Eighty-eight patients (88%) replied, 39 (44%) received paracetamol and 49 placebo (56%). During the procedure 3/39 (7%) of women in the paracetamol group were pain-free compared to 9/49 (18%) in the placebo group, which was not significant (P = 0.11). At 24 h, 15/39 (38%) of women in the paracetamol group were pain-free compared to 20/49 (41%) in the placebo group, which was not significant (P = 0.82). At 1 week, 27/39 (69%) of women in the paracetamol group were pain-free compared to 29/49 (59%) in the placebo group, which was not significant (P = 0.33).

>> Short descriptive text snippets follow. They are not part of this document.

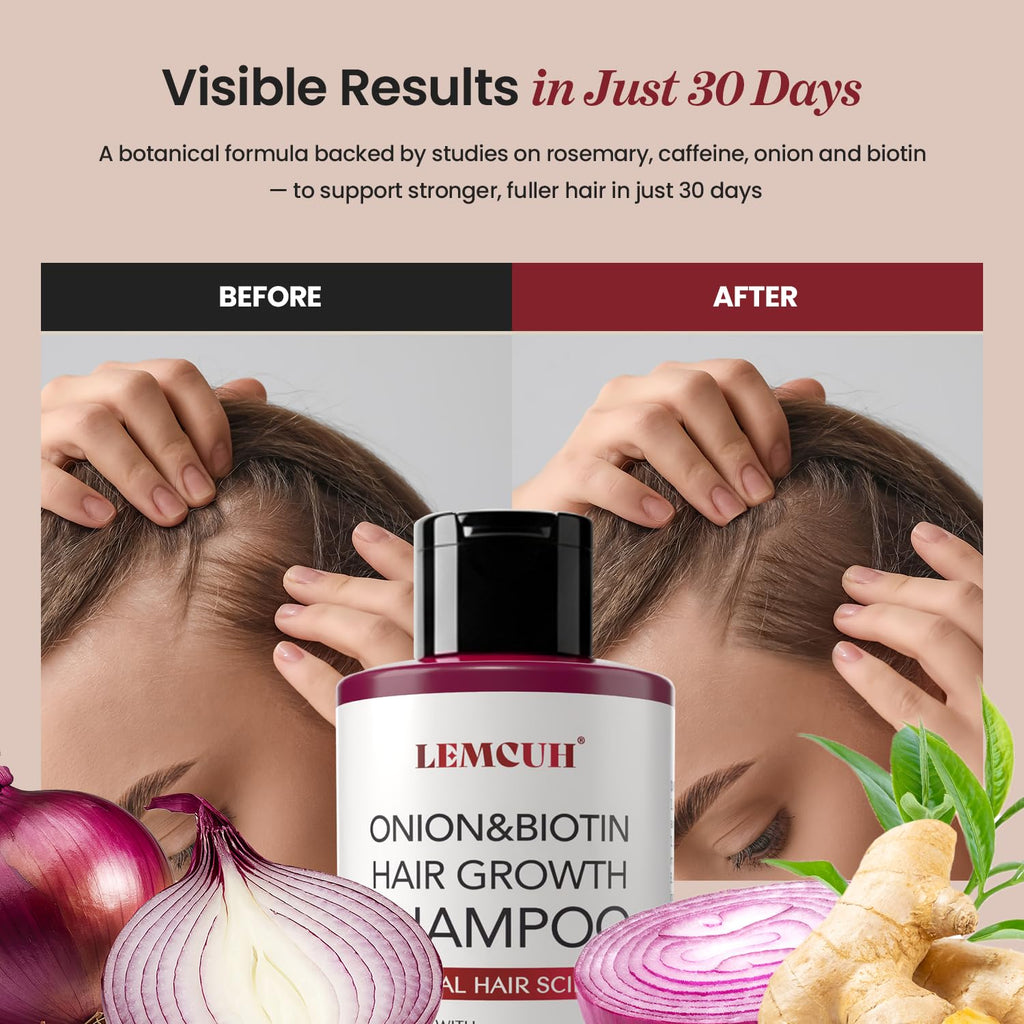 Lemcuh Rosemary Shampoo with Onion & Biotin – Volumizing Thickening Hair Care (12.5 oz)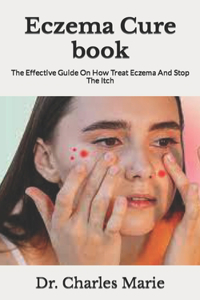 Eczema Cure book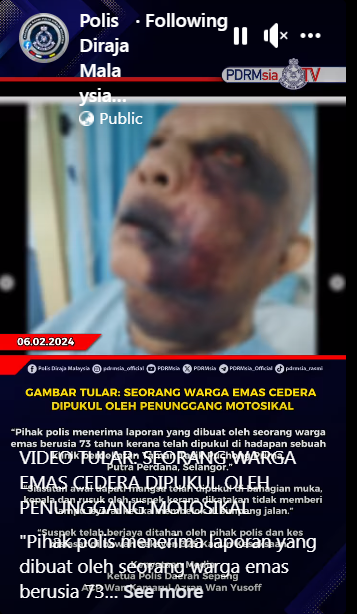 Video Tular Seorang Warga Emas Cedera Dipukul Oleh Penunggang Motosikal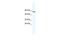 GATA Zinc Finger Domain Containing 2A antibody, GTX48987, GeneTex, Western Blot image 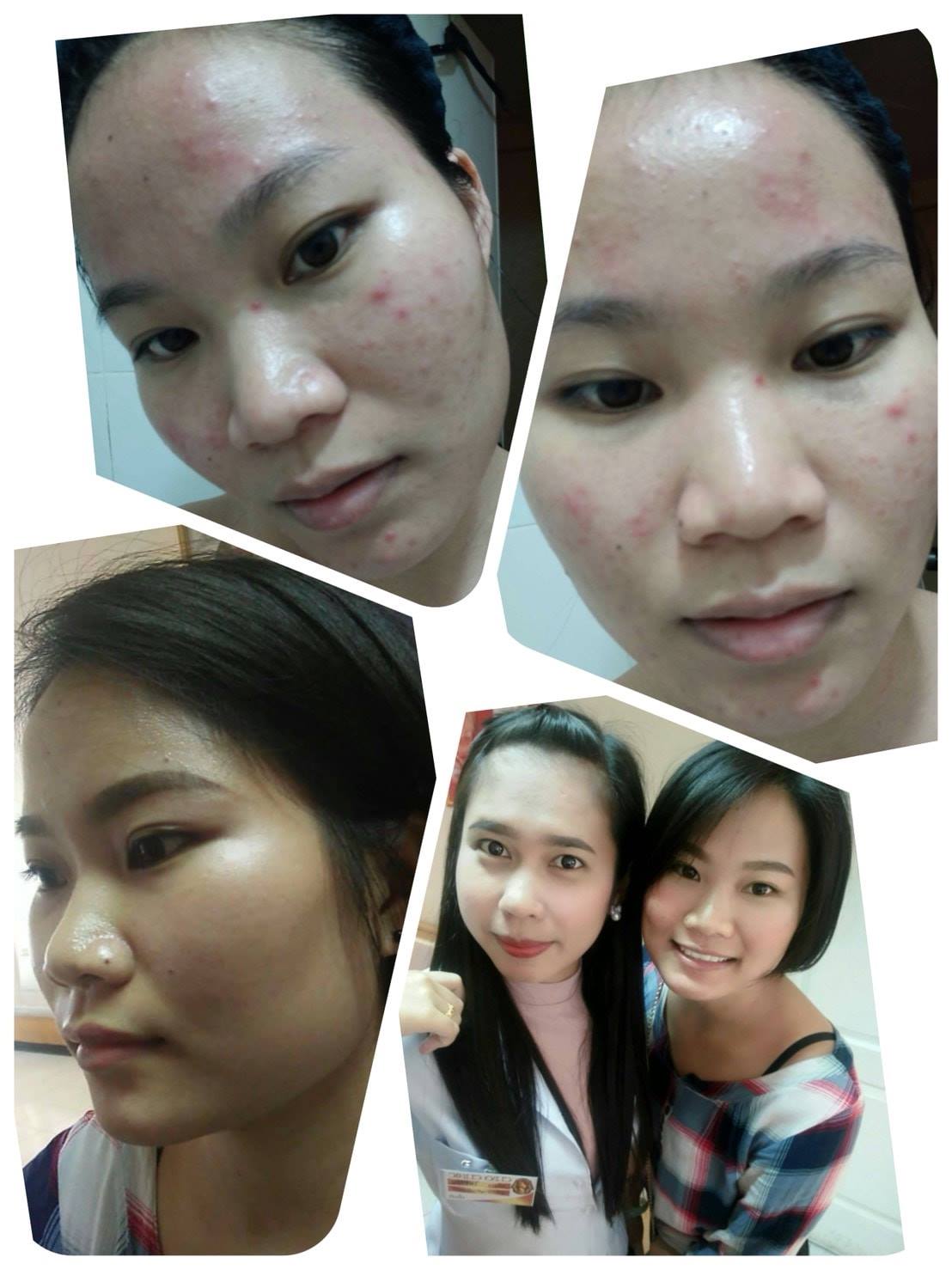 รีวิว ปี 62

No significant difference in mean pain scores was determined during the procedure (P = 0.91), or at 24 h post procedure (P = 0.94). Similarly, no difference in mean pain scores was identified with regard to the ethnicity of the patient, the sex of the radiologist performing the procedure, the level of experience of the radiologist performing the procedure, or whether pathology was present or not. Difficult cannulations were associated with higher mean pain scores, however, there was no difference in mean pain scores between the paracetamol or placebo groups for both easy and difficult cannulations.

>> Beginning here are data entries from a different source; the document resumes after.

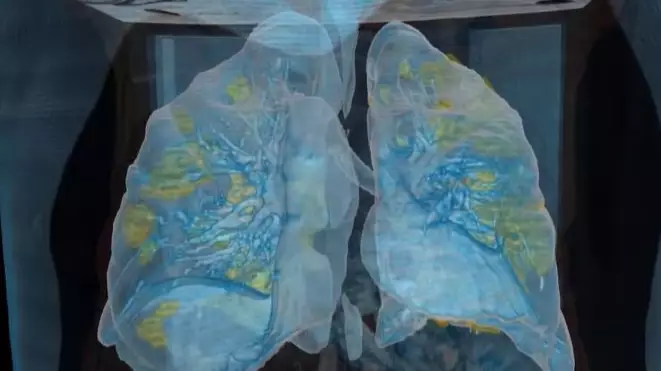 Video Shows The Devastating Effect Of Coronavirus On The Lungs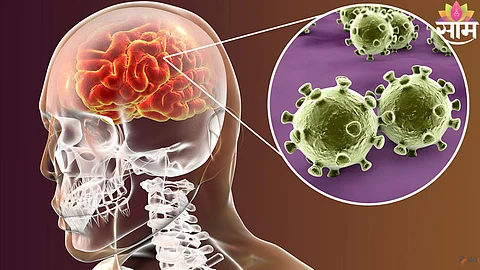 Meningitis Symptoms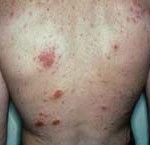 Susceptibility Loci for Eczema Paves Way for New Treatments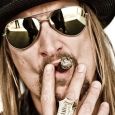  Kid Rock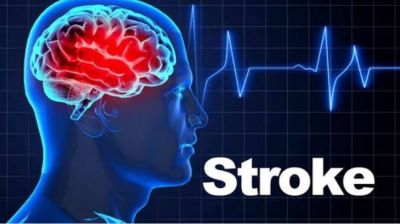 Healthy lifestyle can prevent 90% strokes: Specialists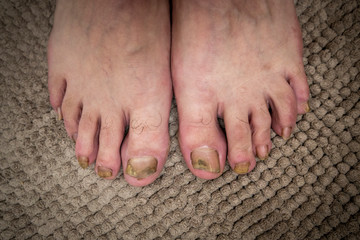 Onychomycosis with fungal nail infection two feet.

Paracetamol is not effective as a prophylactic analgesic for HSG. If a prophylactic analgesic is considered necessary for pain relief during HSG we recommend that a non-steroidal anti-inflammatory drug (NSAID) is used.
评估对乙酰氨基酚作为子宫输卵管造影术(HSG)预防性镇痛药的有效性。
一项前瞻性双盲随机对照试验,比较在HSG前30分钟服用1克对乙酰氨基酚(英国布伦特福德的史克必成公司生产)与服用安慰剂的效果。对100名连续的门诊患者进行前瞻性研究。通过邮寄疼痛评分问卷分析术中、术后24小时及1周时的镇痛效果。还记录了患者的种族、实施子宫输卵管造影术的放射科医生的性别和经验水平、患者的产次、手术的难易程度以及是否发现病理情况等额外数据。
88名患者(88%)回复,39名(占44%)服用对乙酰氨基酚,49名(占56%)服用安慰剂。术中,对乙酰氨基酚组3/39(7%)的女性无痛,而安慰剂组为9/49(18%),差异无统计学意义(P = 0.11)。术后24小时,对乙酰氨基酚组15/39(38%)的女性无痛,安慰剂组为20/49(41%),差异无统计学意义(P = 0.82)。术后1周,对乙酰氨基酚组27/39(69%)的女性无痛,安慰剂组为29/49(59%),差异无统计学意义(P = 0.33)。术中(P = 0.91)及术后24小时(P = 0.94)平均疼痛评分无显著差异。同样,在患者种族、实施手术的放射科医生性别、实施手术的放射科医生经验水平或是否存在病理情况方面,平均疼痛评分也无差异。插管困难与较高的平均疼痛评分相关,然而,对于插管容易和困难的情况,对乙酰氨基酚组和安慰剂组的平均疼痛评分均无差异。
对乙酰氨基酚作为HSG的预防性镇痛药无效。如果认为在HSG期间缓解疼痛有必要使用预防性镇痛药,我们建议使用非甾体抗炎药(NSAID)。